Verifying the lengths of these new lists:

In [174]:
print(len(who_01_con))
print(len(who_01_warn))
print(len(who_01_adv))
print(len(who_01_pos))

28
28
28
28


### Null values:

The WHO monograph sometimes contains strings that indicate that there is no information available about something for a specific herb. These can be considered as "null" values of sorts.

In [130]:
who_01_warn[6:13]

['Radix Bupleuri causes sedation when used in large doses ; therefore, patients should be cautious when operating a motor vehicle or hazardous machinery.',
 'No information available.',
 'No information available.',
 'No information available.',
 'No information available.',
 'No information available.',
 'None.']

As we can see, there are different sentences describing this absence of information. For now, we think it is best to replace them with an empty string.

In [170]:
null_values = ["No information available.", "None."]
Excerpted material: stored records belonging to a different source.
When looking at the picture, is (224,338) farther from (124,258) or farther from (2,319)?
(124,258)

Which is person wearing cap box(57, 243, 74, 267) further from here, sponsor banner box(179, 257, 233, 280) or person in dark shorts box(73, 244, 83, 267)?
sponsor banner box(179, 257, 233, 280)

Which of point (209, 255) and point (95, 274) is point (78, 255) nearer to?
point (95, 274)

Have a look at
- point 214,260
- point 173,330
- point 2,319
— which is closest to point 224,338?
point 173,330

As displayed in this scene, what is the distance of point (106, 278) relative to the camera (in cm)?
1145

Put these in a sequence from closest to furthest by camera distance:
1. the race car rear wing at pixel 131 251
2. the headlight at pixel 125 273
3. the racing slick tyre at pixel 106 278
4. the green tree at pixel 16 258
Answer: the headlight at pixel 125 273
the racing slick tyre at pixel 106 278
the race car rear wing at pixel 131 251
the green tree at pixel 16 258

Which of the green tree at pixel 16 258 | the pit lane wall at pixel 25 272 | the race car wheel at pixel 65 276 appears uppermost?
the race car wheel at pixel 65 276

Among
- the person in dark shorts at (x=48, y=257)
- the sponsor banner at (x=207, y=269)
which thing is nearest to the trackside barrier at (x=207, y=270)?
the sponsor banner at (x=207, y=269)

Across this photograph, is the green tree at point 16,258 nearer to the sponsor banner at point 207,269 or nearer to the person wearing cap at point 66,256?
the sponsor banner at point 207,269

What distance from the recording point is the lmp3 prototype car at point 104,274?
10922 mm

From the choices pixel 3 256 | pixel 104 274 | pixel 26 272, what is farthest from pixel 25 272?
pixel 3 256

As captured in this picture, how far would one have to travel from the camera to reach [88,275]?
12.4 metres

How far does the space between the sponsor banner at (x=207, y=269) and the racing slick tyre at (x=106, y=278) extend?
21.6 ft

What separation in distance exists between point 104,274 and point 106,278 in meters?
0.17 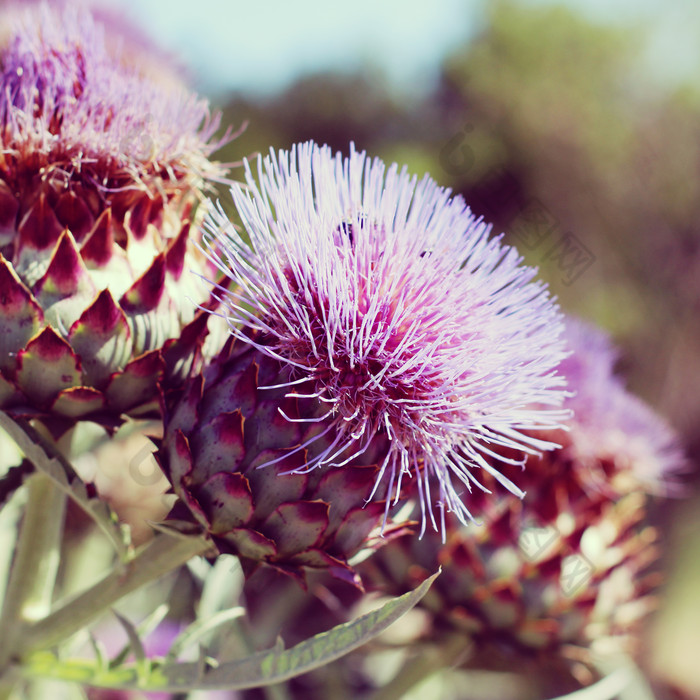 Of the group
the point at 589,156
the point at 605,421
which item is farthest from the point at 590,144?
the point at 605,421

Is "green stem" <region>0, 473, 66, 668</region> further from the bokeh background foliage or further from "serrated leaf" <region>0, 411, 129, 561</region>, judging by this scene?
the bokeh background foliage

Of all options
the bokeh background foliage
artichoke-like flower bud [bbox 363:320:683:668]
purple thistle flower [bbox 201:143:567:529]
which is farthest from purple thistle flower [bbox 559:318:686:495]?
the bokeh background foliage

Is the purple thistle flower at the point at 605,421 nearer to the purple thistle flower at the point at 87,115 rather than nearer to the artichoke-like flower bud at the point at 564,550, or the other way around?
Result: the artichoke-like flower bud at the point at 564,550

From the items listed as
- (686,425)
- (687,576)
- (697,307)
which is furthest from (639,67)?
(687,576)

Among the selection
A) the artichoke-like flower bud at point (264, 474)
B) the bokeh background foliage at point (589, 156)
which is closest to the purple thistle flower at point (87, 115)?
the artichoke-like flower bud at point (264, 474)

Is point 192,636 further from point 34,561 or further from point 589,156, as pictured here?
point 589,156

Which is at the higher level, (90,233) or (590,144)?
(590,144)

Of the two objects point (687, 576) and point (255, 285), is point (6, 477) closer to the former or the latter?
point (255, 285) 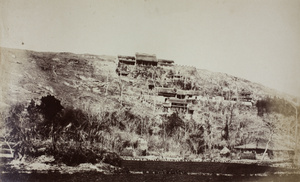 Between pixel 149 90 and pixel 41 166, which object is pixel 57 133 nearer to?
pixel 41 166

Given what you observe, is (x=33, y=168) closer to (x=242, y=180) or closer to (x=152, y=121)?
(x=152, y=121)

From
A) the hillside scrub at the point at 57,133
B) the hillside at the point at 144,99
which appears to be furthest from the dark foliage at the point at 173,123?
the hillside scrub at the point at 57,133

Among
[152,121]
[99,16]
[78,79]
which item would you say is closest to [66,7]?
[99,16]

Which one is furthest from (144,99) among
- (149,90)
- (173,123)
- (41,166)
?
(41,166)

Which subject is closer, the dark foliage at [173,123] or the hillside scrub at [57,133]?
the hillside scrub at [57,133]

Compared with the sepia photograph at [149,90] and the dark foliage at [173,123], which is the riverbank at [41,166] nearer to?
the sepia photograph at [149,90]

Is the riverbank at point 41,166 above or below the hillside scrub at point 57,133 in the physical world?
below

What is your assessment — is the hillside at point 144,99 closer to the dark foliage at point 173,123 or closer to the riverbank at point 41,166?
the dark foliage at point 173,123

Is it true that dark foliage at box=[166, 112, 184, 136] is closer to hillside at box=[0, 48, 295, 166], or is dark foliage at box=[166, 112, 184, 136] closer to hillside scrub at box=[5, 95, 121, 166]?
hillside at box=[0, 48, 295, 166] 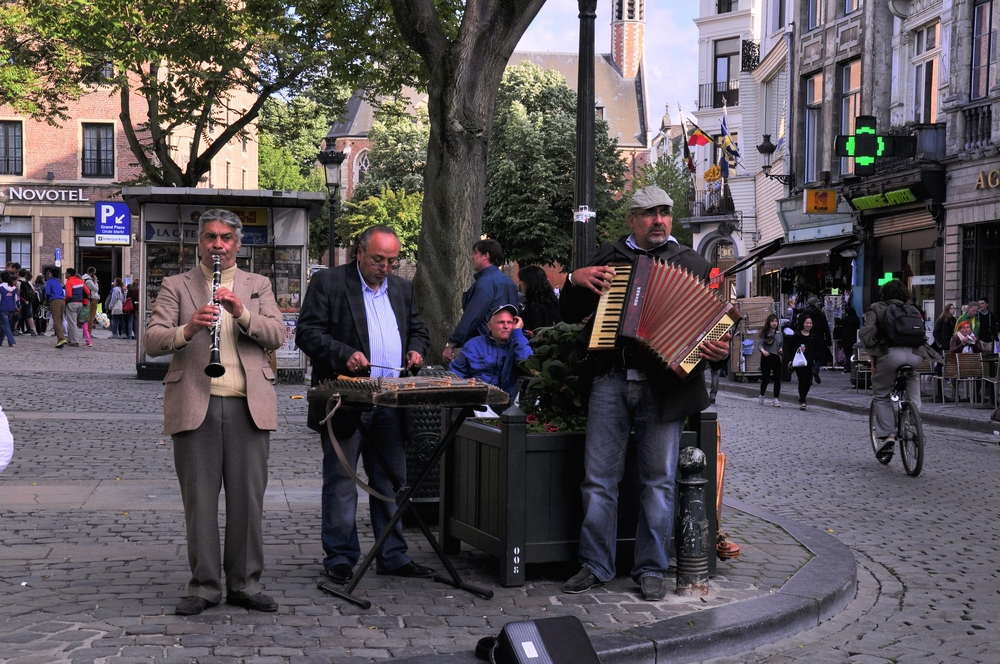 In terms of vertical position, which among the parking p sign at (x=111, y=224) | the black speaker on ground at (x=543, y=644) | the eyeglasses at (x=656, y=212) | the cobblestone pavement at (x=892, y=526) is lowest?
the cobblestone pavement at (x=892, y=526)

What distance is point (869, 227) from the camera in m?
28.4

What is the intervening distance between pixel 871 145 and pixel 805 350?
7.42m

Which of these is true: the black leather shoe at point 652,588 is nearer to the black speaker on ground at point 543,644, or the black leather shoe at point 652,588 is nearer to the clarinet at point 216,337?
the black speaker on ground at point 543,644

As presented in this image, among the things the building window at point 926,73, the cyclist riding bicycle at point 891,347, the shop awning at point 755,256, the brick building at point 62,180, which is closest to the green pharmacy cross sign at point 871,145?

def make_nan(target_list: list):
    for i, value in enumerate(target_list):
        if value in null_values:
            target_list[i] = ""

In [171]:
make_nan(who_01_clinical)
make_nan(who_01_traditional)
make_nan(who_01_folk)
make_nan(who_01_con)
make_nan(who_01_warn)
make_nan(who_01_adv)
make_nan(who_01_pos)

In [175]:
who_01_warn[11:13]

['', '']

## Looking Ahead:

In the next notebook, we take a closer look at the datasets explored here to identify and experiment with possible approaches of manipulating and extracting data.